On the 4th of May the Dutch commemorate all those that have suffered and died in wartime since World War II. Jews, soldiers defending the Dutch borders, communists, soldiers in the allied forces, civilians who died in air raids, people who tried to help others, people who resisted, people who died of hunger and cold, but also those who participated in peacekeeping missions in Bosnia, in Africa…

It is tradition that at eight o’clock at night everyone is silent for two minutes. Everyone is. Public transport stops, cars halt at the side of the road, all TV stations are silent, streets are empty and flags are half mast. Everyone takes two minutes to pay tribute to all those lost. People gather at war monuments. The largest gathering is at the national monument at the Dam square in Amsterdam, which is also attended by the Royal family. After two minutes the flags are hoisted again to the national anthem.

(If you’re interested, watch the video in the link here. The guy giving the speech in the end is the Mayor of Amsterdam, he is thanking the Queen for being there this year especially, since there was an attack on her and the Royal Family only last Thursday, on Queensday (see link). Some maniac drove through the crowd, killing 6 people on the way, trying to ram the bus with the Royal family.)

When I was a little I would think of Anne Frank for two minutes. For me, she was the symbol of all that suffered in that time. My mom had taken me to the house where Anne Frank was hiding during the war when I was maybe only 10 and that together with reading her diary really had a huge impact on me.

Even now, being abroad, I take two minutes to think about the cruelties that happened then and to remember those whose fight and resistance make that I live in a free country now. I am grateful for that.

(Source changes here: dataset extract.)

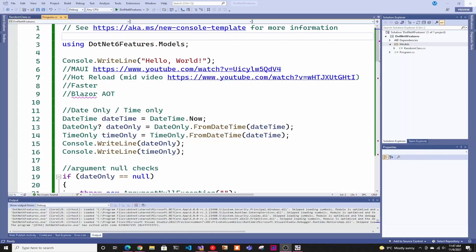Hey guys, welcome back to another Coding Flamingo video. In this video, we're going to look at new features that came out in .NET 6. If you're thinking whether or not to upgrade to .NET 6, you have no choice because .NET 3.1 is going out of life and .NET 5 is also end of life. So you have to update, but here are some cool things you get out of it.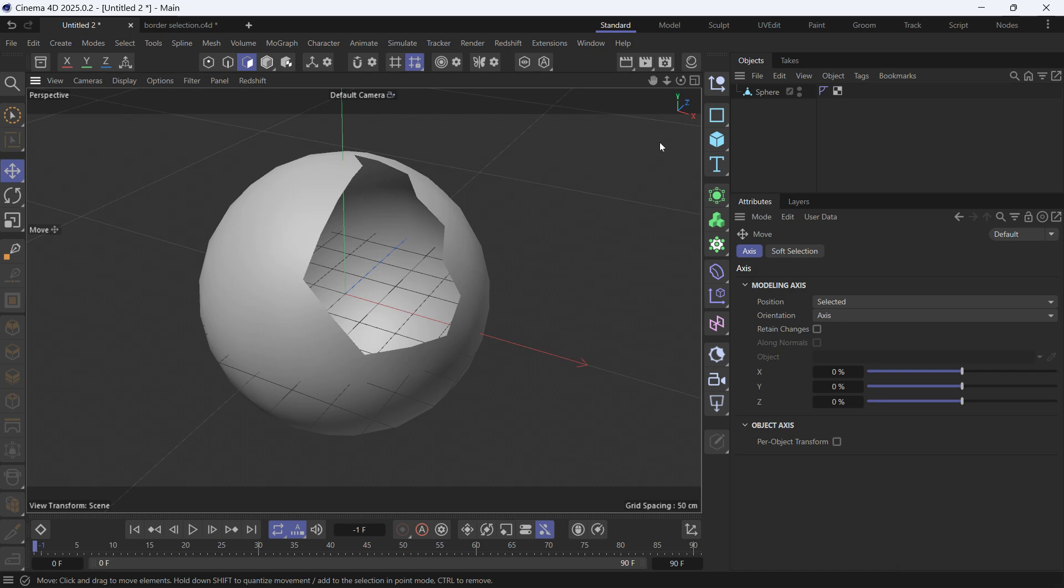Today I'll show you how to use the border selection scene node deformer. I have here a sphere that has a hole punched into it. I want to select the borders of this hole and clone cubes onto it.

I think it is beautiful when people come together to do something good, the way I feel all Dutch come together on the 4th of May. I feel the same – although it is something completely different – when an ambulance with sirens on comes hurrying down the road and all cars make way. There is a silent code that that’s what you do in a situation like that, because that helps others, because it’s good, so we all do it. I think it’s so cool.

On the fifth of May the Dutch come together again. We come together to celebrate our liberation in 1945 by the Canadians, English and Americans and we celebrate our freedom today. And that’s done a little differently: no silence, but a lot of music. Festivals are organized all around the country and we celebrate, sing, dance and drink beer to celebrate our freedom.

(the banner reads "celebrate freedom", photo from

(I know this has been my second sort of war post on this blog, which is not something I specifically want for this blog (I really wanted to do something a lot more lighthearted), I guess I am just more aware of stuff like this being abroad and writing this blog... But I'll be more cheerful in my next posts.)


  1. I like blogs that have a variety of 'personalities' to them. I guess it reflects the person behind the blog :) As someone living away from their native country, I understand the importance of having that link to your country via your posts. And I can assure you, people enjoy reading about these national 'traditions' and festivities too :)

  2. thanks so much kle for your sweet comment!